**What needs to be done:**
All that should come back is the lines of the data below from the one containing "Black Cellphones |" to the one containing "Hisense NFY-20N03 Tower", inclusive, exactly as they stand.

**Task data:**
■ ■ ■ ■ ■ ■ ■

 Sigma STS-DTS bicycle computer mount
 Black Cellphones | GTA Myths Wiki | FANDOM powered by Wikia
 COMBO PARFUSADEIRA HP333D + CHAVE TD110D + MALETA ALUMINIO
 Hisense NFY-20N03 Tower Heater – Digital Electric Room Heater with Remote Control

■ ■ ■ ■ ■ ■ ■

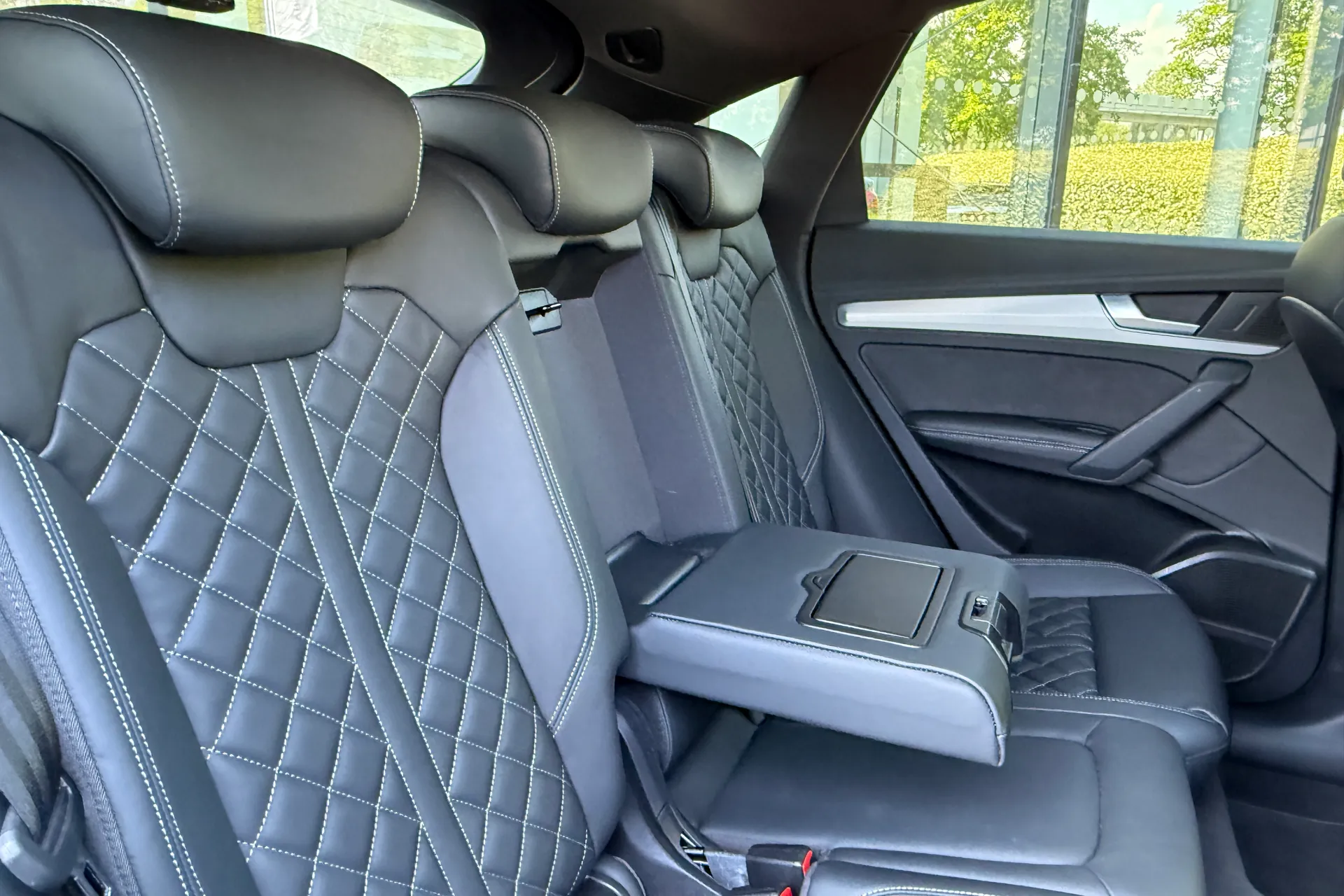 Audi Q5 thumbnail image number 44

■ ■ ■ ■ ■ ■ ■

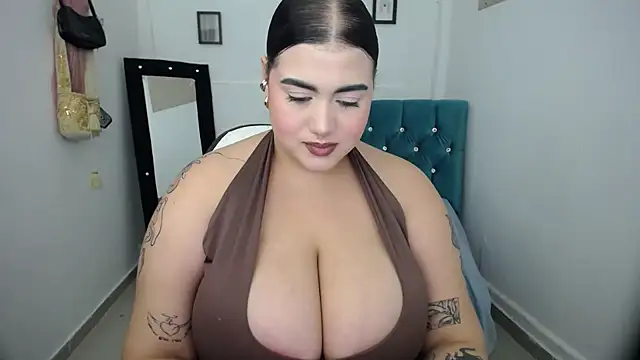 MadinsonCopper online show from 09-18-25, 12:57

■ ■ ■ ■ ■ ■ ■

**Your response:**
 Black Cellphones | GTA Myths Wiki | FANDOM powered by Wikia
 COMBO PARFUSADEIRA HP333D + CHAVE TD110D + MALETA ALUMINIO
 Hisense NFY-20N03 Tower Heater – Digital Electric Room Heater with Remote Control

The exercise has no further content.